3.2 Random Variables

• random variable is a variable that can take on different values randomly.

• For example, $x_1$ and $x_2$ are both possible values that the random variable $x$ can take on.

• for vector-valued variables, we would write the random variable as x(arial font) and one of its values as $\mathbf{x}$.

• random variables my be discrete or continuous.
• discrete rv is one that has a finite or countably infinite number of states. Not necessarily the integers.
• a continuous rv is associated with a real value.

3.3 Probability Distribution

• A probability distribution is a description of how likely a rv or set of rvs is to take on each of its possible states.

3.3.1 Discrete Variables and Probability Mass Functions

• Probability Mass Function (PMF)
  • denotes with $P$
  • The domain of P must be the set of all possible states of x.
  • For all x in x, $0 \leq P(x) \leq 1$.
  • Sum of all probabilities $P(x)$ is one. This means being normalized.

3.3.2 Continuous Variables and Probability Density Functions

• Probability Density Function (PDF)

  • The domain of p must be the set of all possible states of x.
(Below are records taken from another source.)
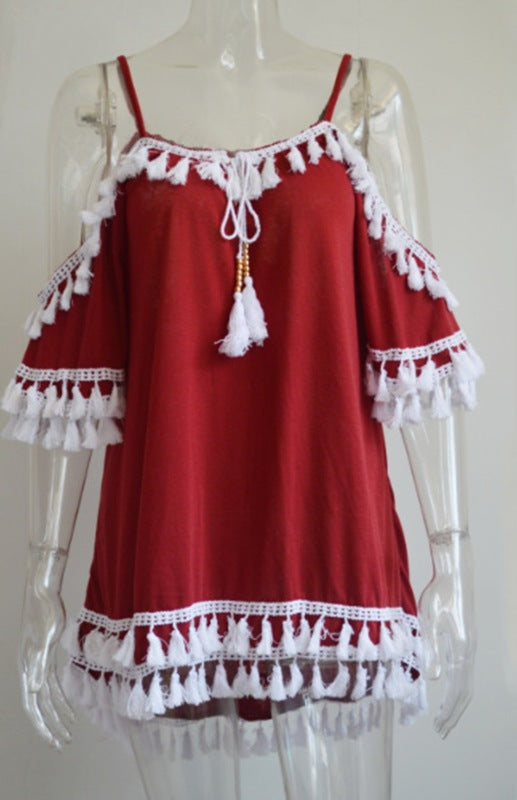 Women's Halter Off Shoulder Fringed Dress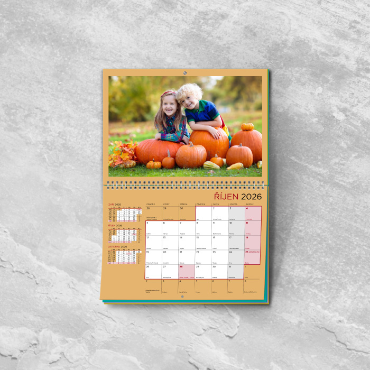 Nástěnný plánovací fotokalendář na rok 2026 rychle a online - Pestrý plánovací malý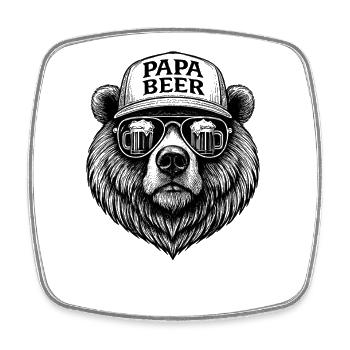 Papa Beer Vater Bär Bier Humor Geschenkidee - Viereckiger Kühlschrankmagnet - Weiß - Vorne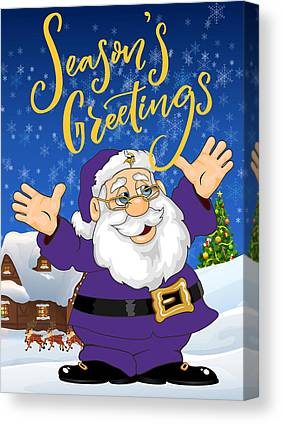 Minnesota Vikings Touchdown Santa Claus Christmas Cards 3 Joe Hamilton Canvas Print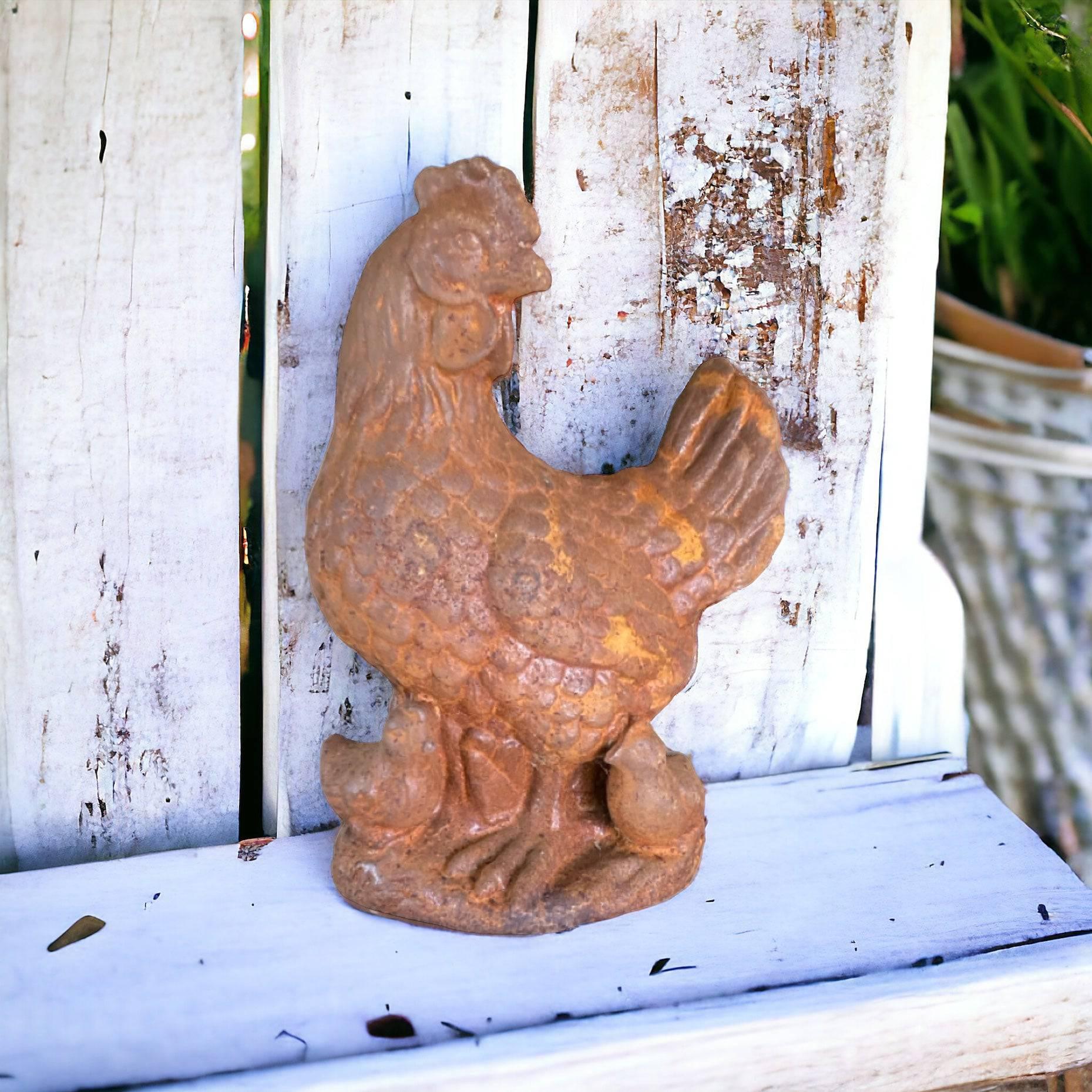 Chicken Chicks Rustic Cast Iron Garden - The Renmy Store Homewares & Gifts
  • $\forall x \in x, p(x) \geq 0$. Note that we do not require $p(x) \leq 1$.

    $$\int{p(x)dx}=1$$

3.4 Marginal Probability

• The probability distribution over the subset is known as the marginal probability distribution.
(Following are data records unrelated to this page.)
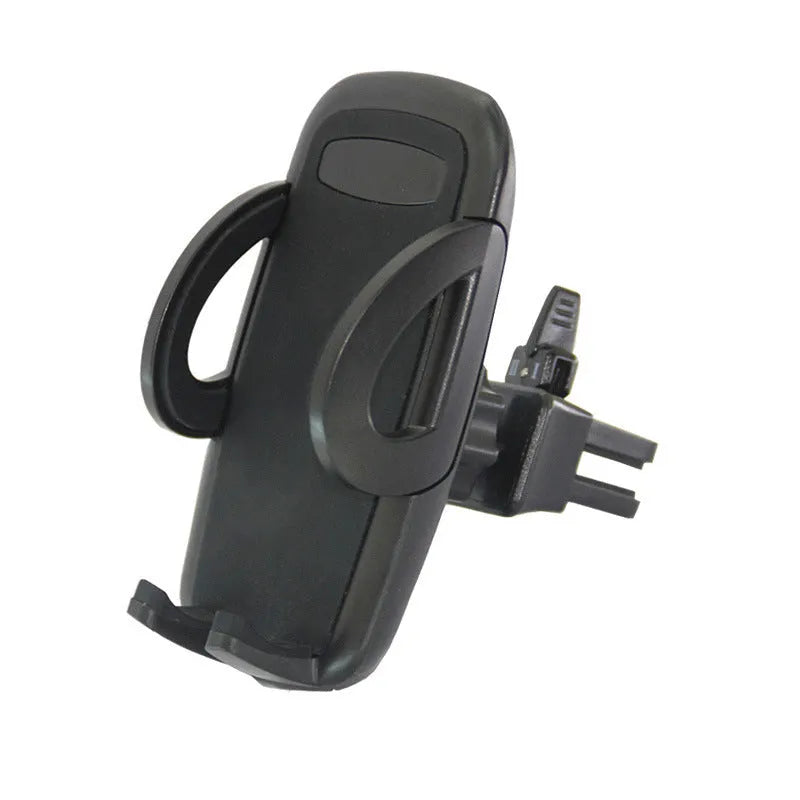 Black plastic car air conditioning outlet mobile phone holder mounted in vehicle vent
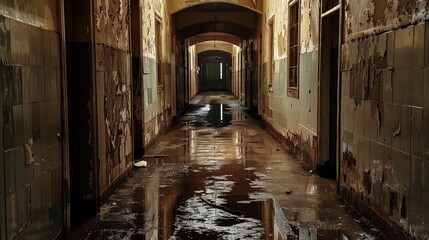Fototapeta premium eerie hallway in an abandoned building, with peeling walls and a damp floor, evoking a sense of mystery and neglect.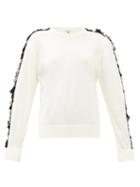 Matchesfashion.com Bella Freud - Lady Day Sequin-sleeve Wool Sweater - Womens - Ivory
  • For example, suppose that we have discrete random variables x and y, and we know $P(x,y)$. We can find $P(x)$ with the sum rule:

    $$\forall x \in x, P(x=x) = \sum_y P(x=x, y=y)$$

  • The name comes from the process of computing marginal probabilities on paper.

    $$p(x) = \int p(x,y)dy$$

    3.5 Conditional Probability

  • Conditional Probability is the probability of some event, given that some other event has happened.
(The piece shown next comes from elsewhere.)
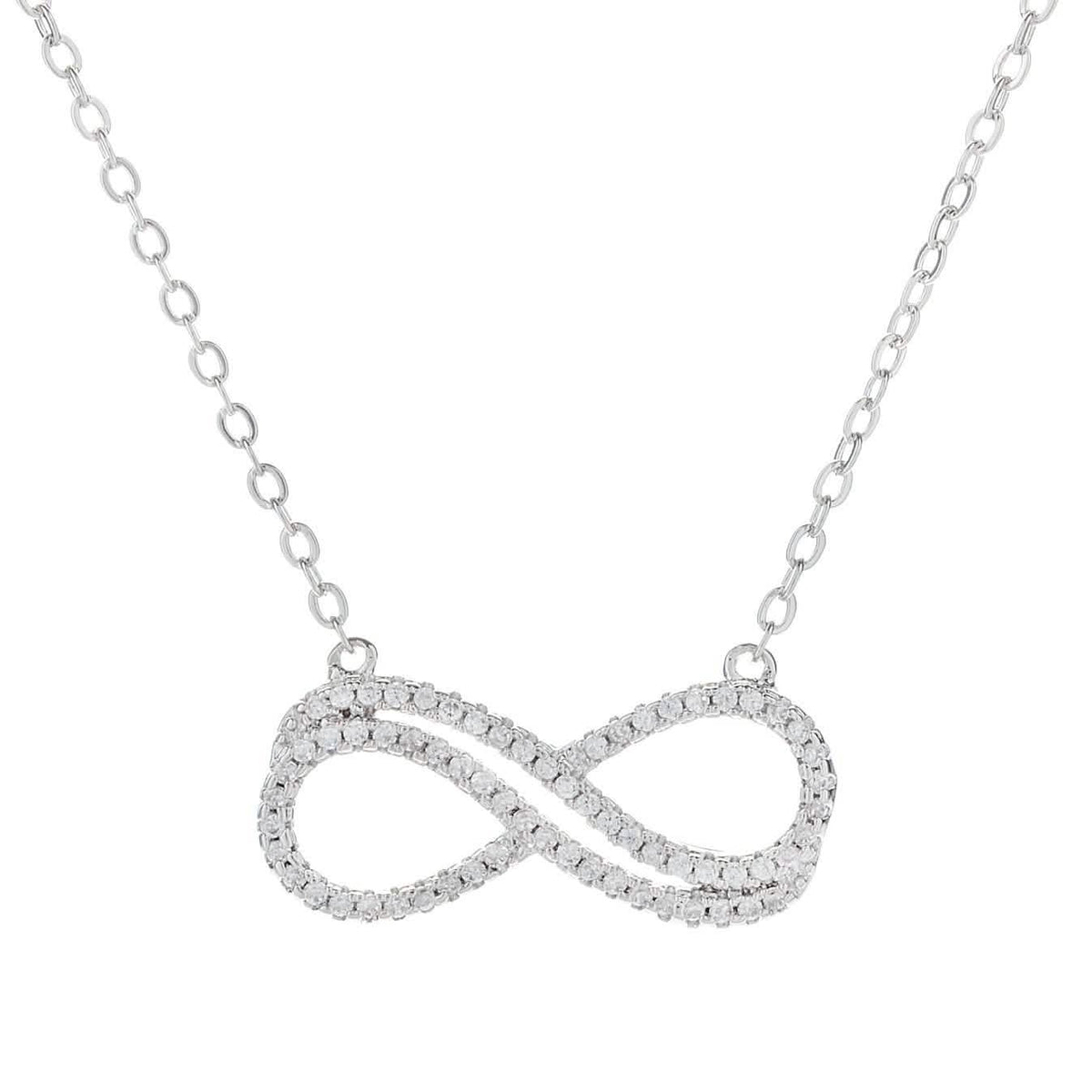 18K White Gold Plated Double Infinity Necklace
  • We denote the conditional probability that $y=y$ given $x=x$ as $P(y=y | x=x)$.

    $$P(y=y|x=x) = \frac{P(y=y, x=x)}{P(x=x)}$$

  • The conditional probability is only defined when $P(x=x) > 0$.

  • Important not to confuse conditional probability with computing what would happen if some action were undertaken.

    3.6 The chain Rule of Conditional Probabilities

  • Any joint probability distribution over many random variables may be decomposed into conditional distributions over only one variable.

  • This observation is known as the Chain rule or product rule of probability.

    $$P(a,b,c) = P(a\ |\ b,c)P(b,c)$$ $$P(b,c) = P(b\ |\ c)P(c)$$ $$P(a,b,c) = P(a\ |\ b,c)P(b\ |\ c)P(c)$$

    3.7 Independence and Conditional Independence

  • Two random variables x and y are independent if their probability distribution can be expressed as a product of two factors, one involving only x and one involving only y.

    $$\forall x \in x, y \in y, p(x=x, y=y) = p(x=x)p(y=y)$$

  • Two random variables x and y are conditionally independent given a random variable z if the conditional probability distribution over x and y factorizes in this way for every value of z.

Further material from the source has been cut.